A couple of days ago Father Time called a meeting at the library to see if anyone had any ideas how to fix all of this. No one did, not even the North Pole elves. They did say that the problem is just here, none of the other towns, cities or villages are being bothered. At the meeting we did discover that Cupid is missing! Jak Jester and Sam Eagle went over to his house but both Crazy Cupid and his magic Valentine bow are gone.

Rascal Werewolf said he tried to track the scent of the jelly beans the day they were taken. Rascal, Sam Eagle, Cormick O”Greene and Artie Wood Elf went into the Enchanted forest following the trail of dropped jelly beans but Rascal lost the scent when he came across a squirrel trail. He went howling excitedly through the trees and the rest ran after him. They all thought he was getting close to the jelly bean thieves, but he was just chasing two squirrels! Sometimes Rascal is just like all dogs, he likes chasing squirrels even though he knows they are too fast for him and he’ll never catch them.

At the meeting we also found out a really bad thing. Really, really bad. Someone is stealing all of our magic. Each holiday keeper has one special item that is kind of holder of all our magic. It’s kind of hard to explain, but we each have a special item that the magic in the air goes through and makes our natural magic stronger.

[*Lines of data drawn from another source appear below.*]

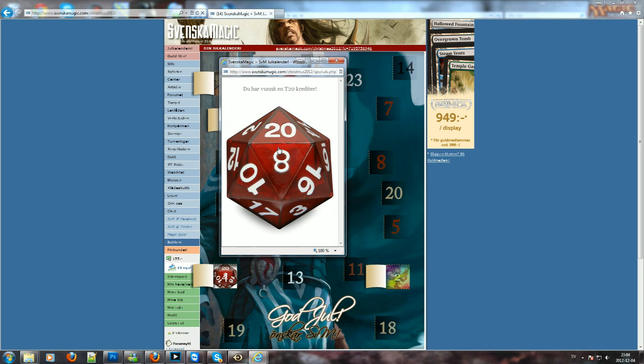And if you want to hear me say that in Swedish, if you want to learn something, it says 'Du har vunnit en T20 krediter.' That's something for you.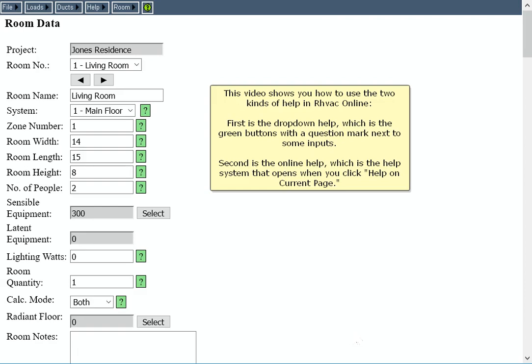This video shows you how to use the two kinds of help in RHVAC Online. First is the drop-down help, which is the green buttons with a question mark next to some inputs. Second is the online help, which is the help system that opens when you click Help on Current Page.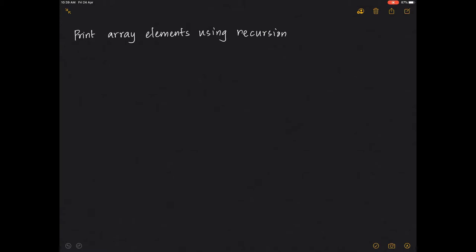Hey guys, so let's look at how to print array elements using recursion. It is just like we did printing of elements from one to end using recursion.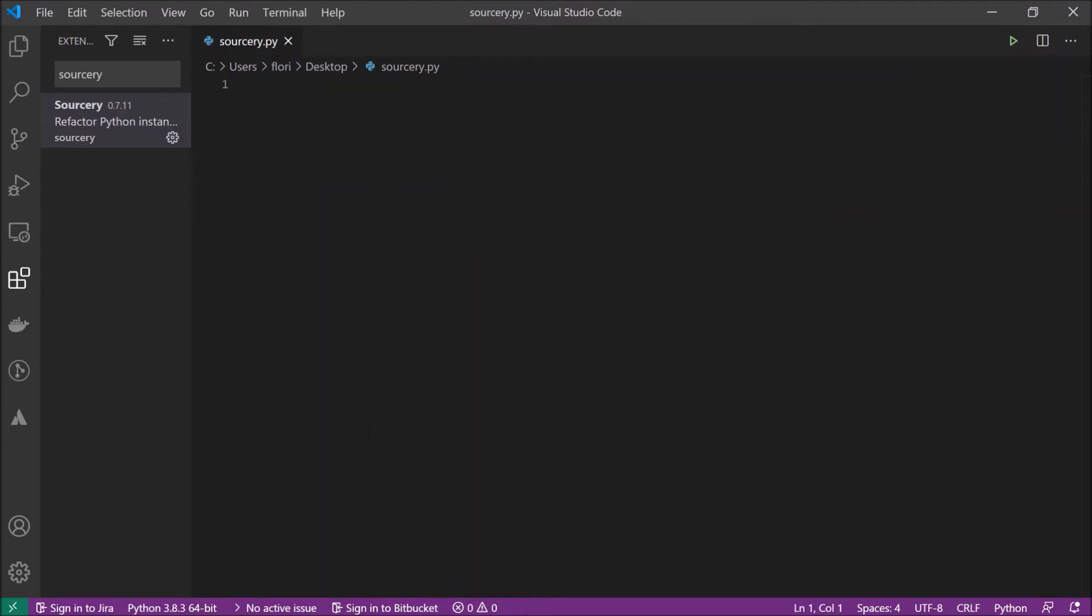Now let's go to code. What is Sorcery doing now? We start with a very easy example.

I have a green leaf that I wear on a chain around my neck. It never dies as long as I wear it. I never take it off, ever! Then one day when I was dodging and ducking the acorns the oak was throwing at me the chain broke. I found the chain among the piles and mounds of acorns but I can’t find my magical leaf! It will turn brown and crack into dust if I don’t find it soon.

I told everyone about losing it at the meeting and Rascal Werewolf and Fraidy Black Cat said their jack o’ lanterns were missing also. After that everyone ran home to check on their magic items. I haven’t heard if anyone else is missing theirs yet.

It’s still raining, coming down in buckets! Everything but our houses are floating. The streets and lanes have become fast-moving rivers. It’s a mess here.

If you know who is doing all this to us please write back and tell us.

Jasper Sprite

p.s. The enchanted oak is leaving my yard. I went outside to see where it was going. It stomped past the food store behind my house and east on Blueberry drive to Cormick’s house. It stopped in Cormick’s yard right over his underground gold mine. I ran over to warn him but the tree threw huge handfuls of acorns at me. I hope Cormick heard it coming.